Why that level of panic? Certainly, a slowing economy isn’t helping Truck owners just like everywhere else in NASCAR. But the series is about to get an injection of funding its NASCAR Xfinity and Cup series counterparts will not: Ram is returning as a new manufacturer beginning in 2026. That’s likely to pique sponsor interest while leading to additional money flowing into the series.
But owners maintain that boost just won’t be enough. And their fingers point directly at the one thing NASCAR directly provides the competition after each race: purse money for where they finish.

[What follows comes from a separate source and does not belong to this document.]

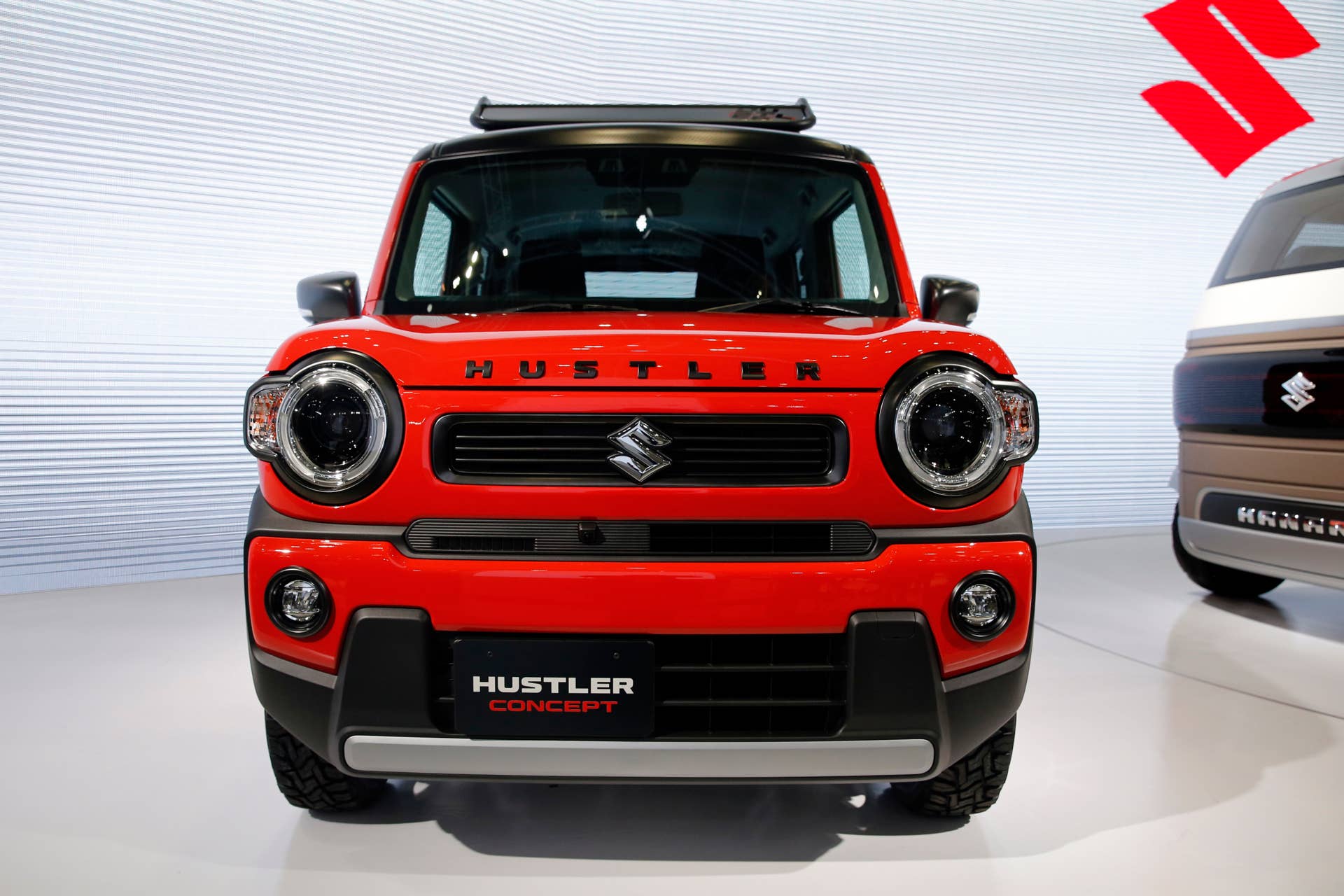 A Suzuki Hustler concept is displayed during the media preview of the Tokyo Motor Show Wednesday, Oct. 23, 2019, in Tokyo. (AP Photo/Kiichiro Sato)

Truck owners were unified in their disgust over the money NASCAR and the tracks provide for them, complaining at length the totals are a fraction of what their Cup and Xfinity counterparts receive.
“The problem is the purse is so poor through the whole field,” a Truck Series team manager said. “Let’s say you run 30th, you might get $8,000-$9,000, right? By the time you pay for entry fees, one set of tires, mandatory costs, traveling people … you’re already in the hole.
“So, [critics] can all say economy. They can say we spend money ridiculously. I mean, we really don’t. … I don’t want to say I cut corners; I just try and run it practical. But I don’t know how [to survive]. The problem with the revenue is in the prize money. Literally, that is the issue.”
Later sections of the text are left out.